_What is required_
Restate word for word the section of the entries that opens at the line containing "Ikuti Festival Pesona..." and closes at the line containing "DR-3124 ブラック Mサイズ", both lines kept, pictures dropped.

_Input material_
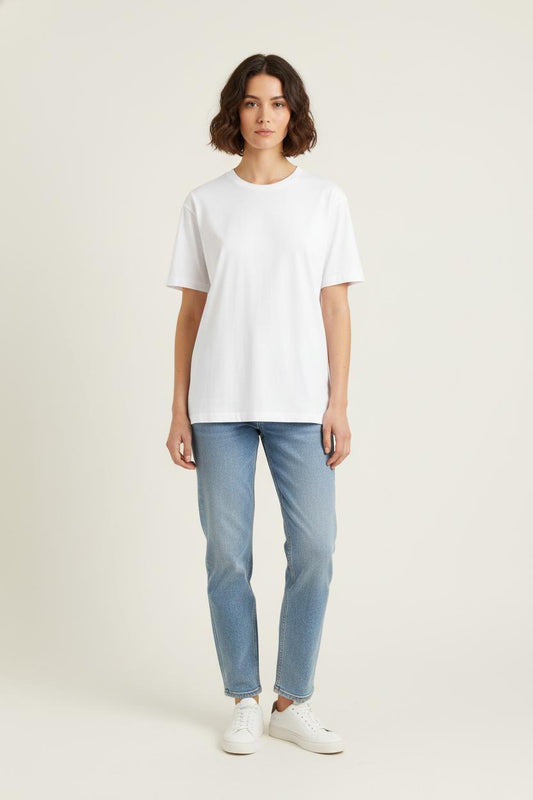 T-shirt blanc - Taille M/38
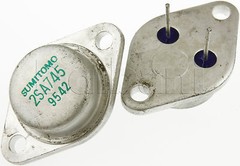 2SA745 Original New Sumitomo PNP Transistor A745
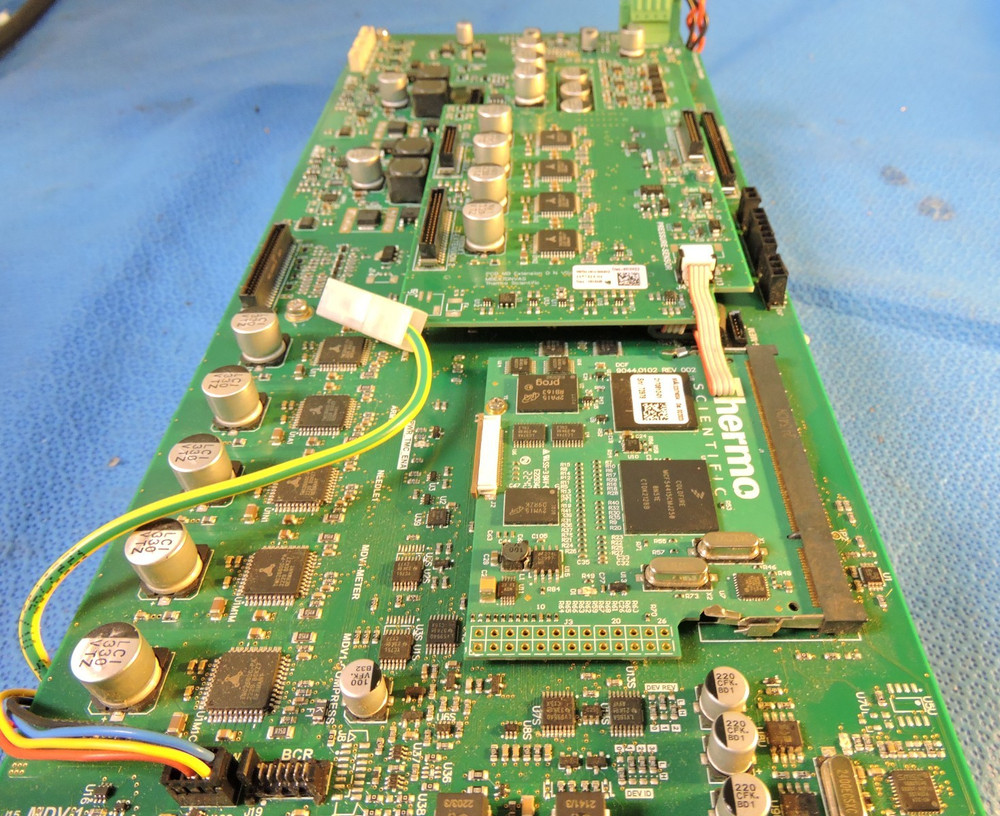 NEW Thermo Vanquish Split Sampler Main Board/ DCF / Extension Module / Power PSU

==

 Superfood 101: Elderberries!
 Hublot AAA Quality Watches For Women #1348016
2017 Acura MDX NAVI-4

...

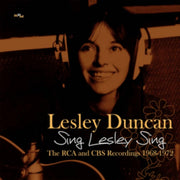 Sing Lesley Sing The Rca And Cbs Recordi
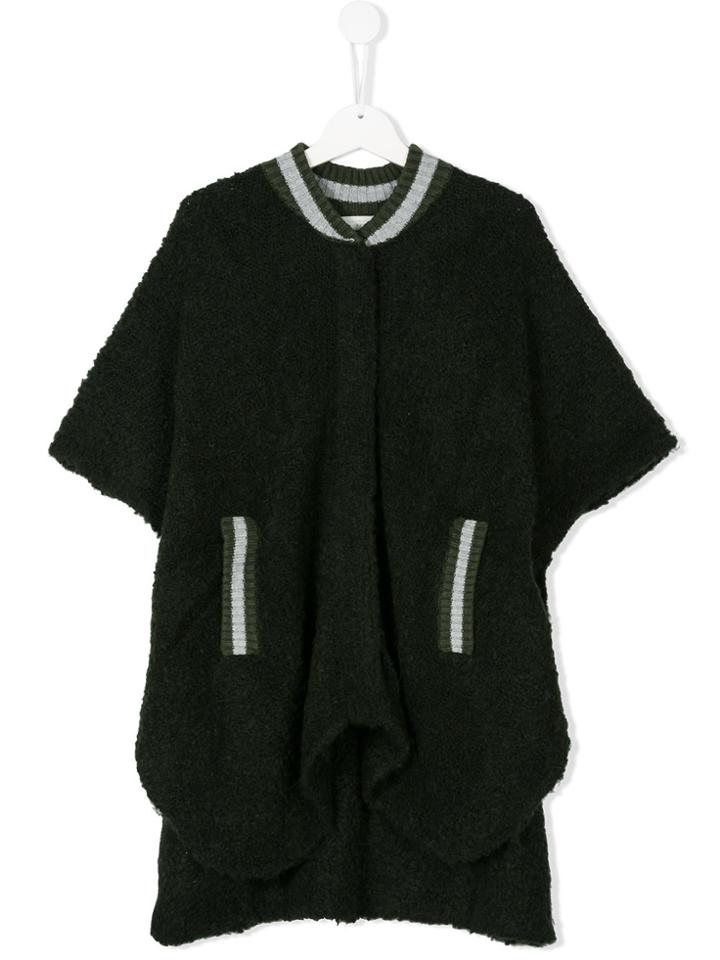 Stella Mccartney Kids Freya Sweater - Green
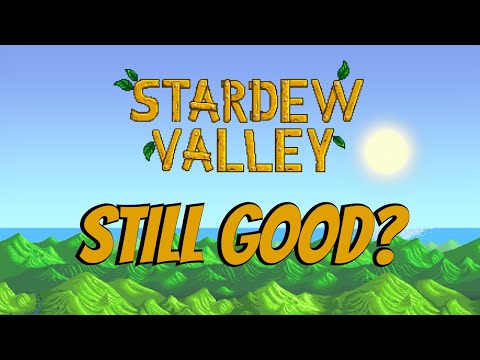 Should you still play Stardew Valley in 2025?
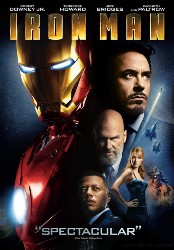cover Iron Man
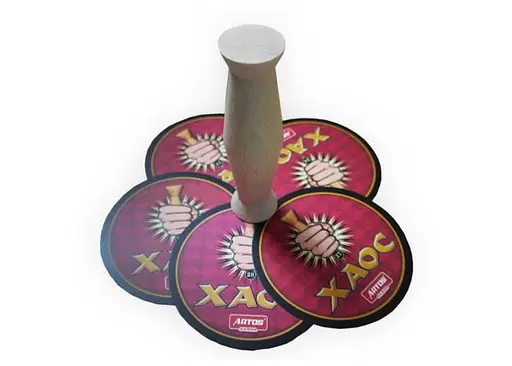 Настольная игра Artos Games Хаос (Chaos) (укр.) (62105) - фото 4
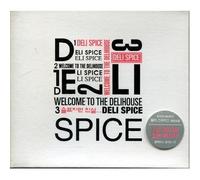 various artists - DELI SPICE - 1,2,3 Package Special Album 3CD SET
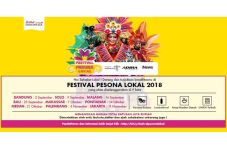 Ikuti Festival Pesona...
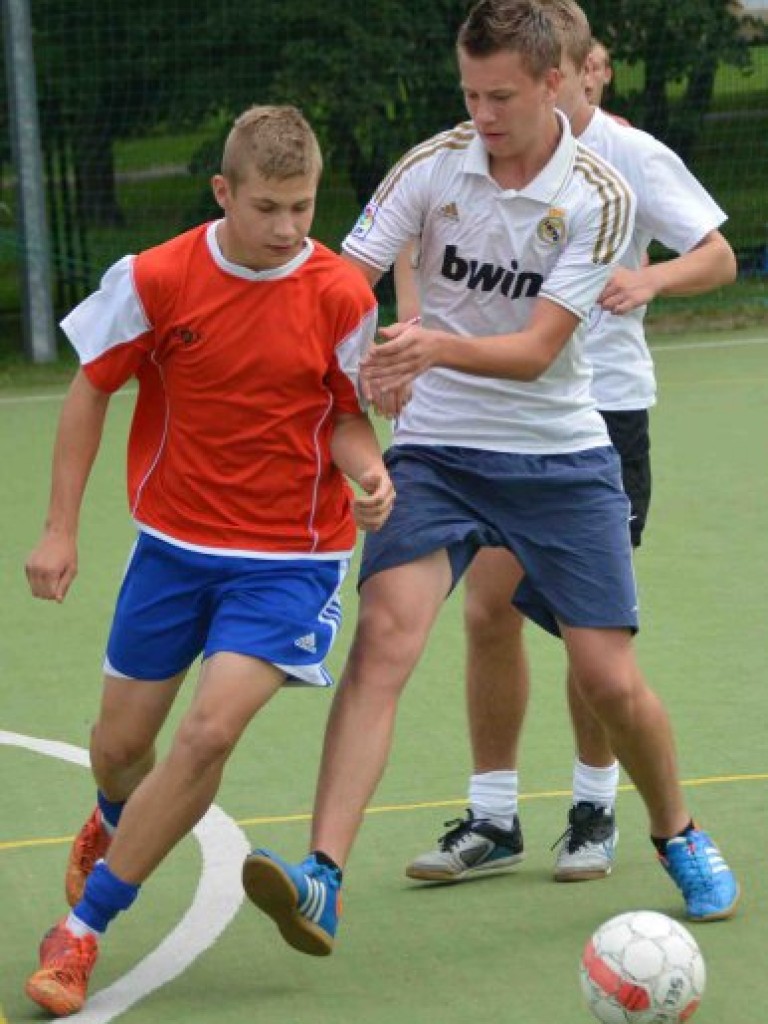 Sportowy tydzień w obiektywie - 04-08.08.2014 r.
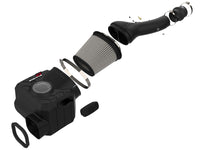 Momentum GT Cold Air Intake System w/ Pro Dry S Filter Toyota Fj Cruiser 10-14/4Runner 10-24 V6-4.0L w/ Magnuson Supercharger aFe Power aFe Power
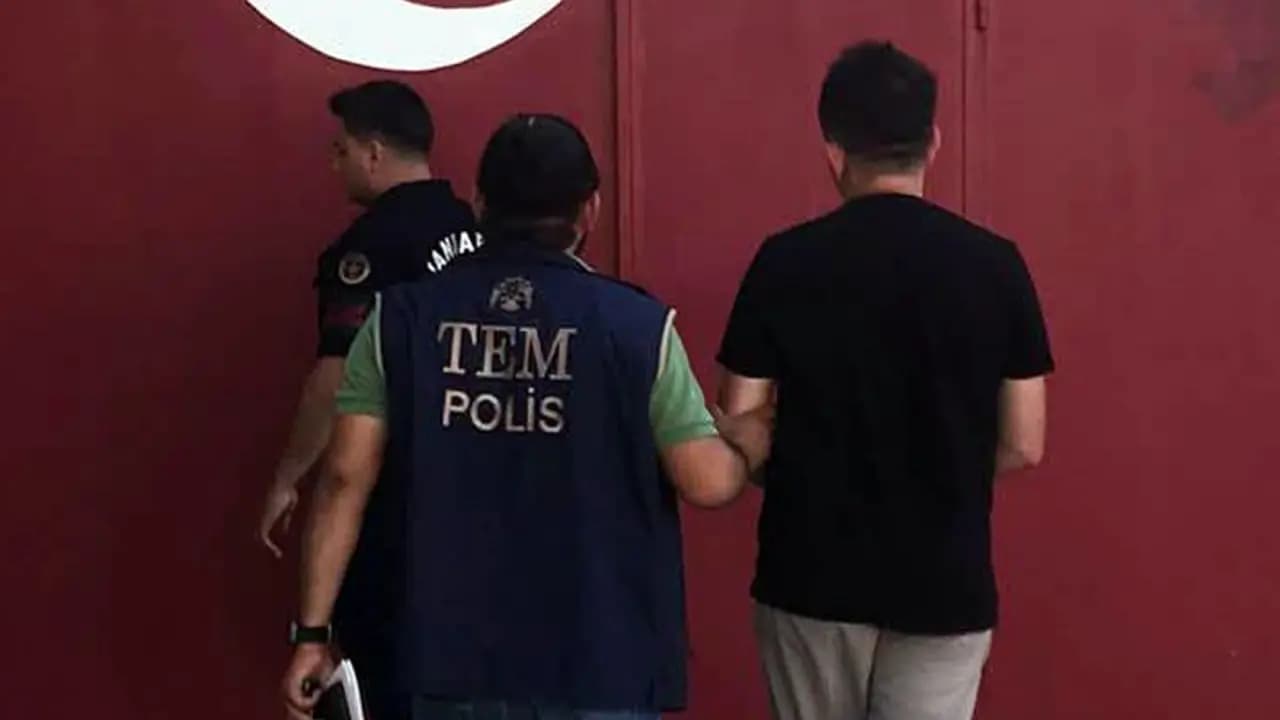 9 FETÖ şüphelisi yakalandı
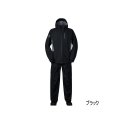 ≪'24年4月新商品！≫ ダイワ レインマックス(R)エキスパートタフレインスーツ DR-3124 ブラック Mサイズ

_Response area_
 Ikuti Festival Pesona...
 Sportowy tydzień w obiektywie - 04-08.08.2014 r.
 Momentum GT Cold Air Intake System w/ Pro Dry S Filter Toyota Fj Cruiser 10-14/4Runner 10-24 V6-4.0L w/ Magnuson Supercharger aFe Power aFe Power
 9 FETÖ şüphelisi yakalandı
 ≪'24年4月新商品！≫ ダイワ レインマックス(R)エキスパートタフレインスーツ DR-3124 ブラック Mサイズ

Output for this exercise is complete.